Proprietor Furst

Wednesday, November 04, 2015

As someone who sometimes avails himself of the wi-fi in coffee shops or pubs, I found the following conversation, from an article on the evolution of "third places" to be a rare jewel in the realm of modern business-customer relations:

Furstenberg: "I'm sorry, this is not your workspace."

Customer: "What do you mean? I just bought a cup of coffee."

Furstenberg: "I know, and I'm glad you bought a cup of coffee, and I hope you like the coffee, but other people are waiting for tables."

Customer: "It's a public place, isn't it?"

Furstenberg: "Well, no, actually, it's not that kind of public place.

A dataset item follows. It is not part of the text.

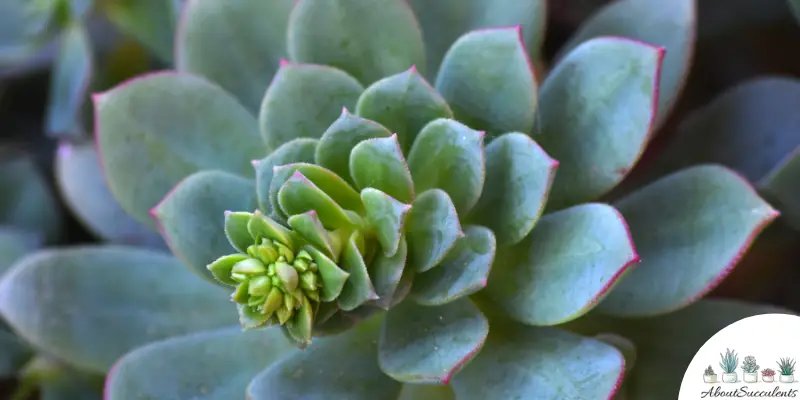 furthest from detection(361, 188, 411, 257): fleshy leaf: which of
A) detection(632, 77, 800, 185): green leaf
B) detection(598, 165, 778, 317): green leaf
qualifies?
detection(632, 77, 800, 185): green leaf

It's a place where people come to eat and talk, but it's not your workspace."

Customer: "You're going to decide how I use the space?"

Furstenberg: "Well, yes, actually, I am." [format edits]
It often seems today that, as communications technology advances, basic etiquette and economic sense decline. Too many businessmen seem almost apologetic for the fact that they're in it for the money, and that they have to "give back" to their "communities". (And yet no one seems to hold the squatters that populate so many businesses accountable for asking why they aren't themselves running coffee shops.) If, by "community", you mean, "swarm of entitled moochers", it's time to clean up or leave. I'm glad to see that Beard Award nominee Mark Furstenburg has opted for the former. Ironically, by standing up for his rights as a proprietor, he is improving his society -- by providing a timely reminder of what makes it great: Hard work and trade, not handouts of loot.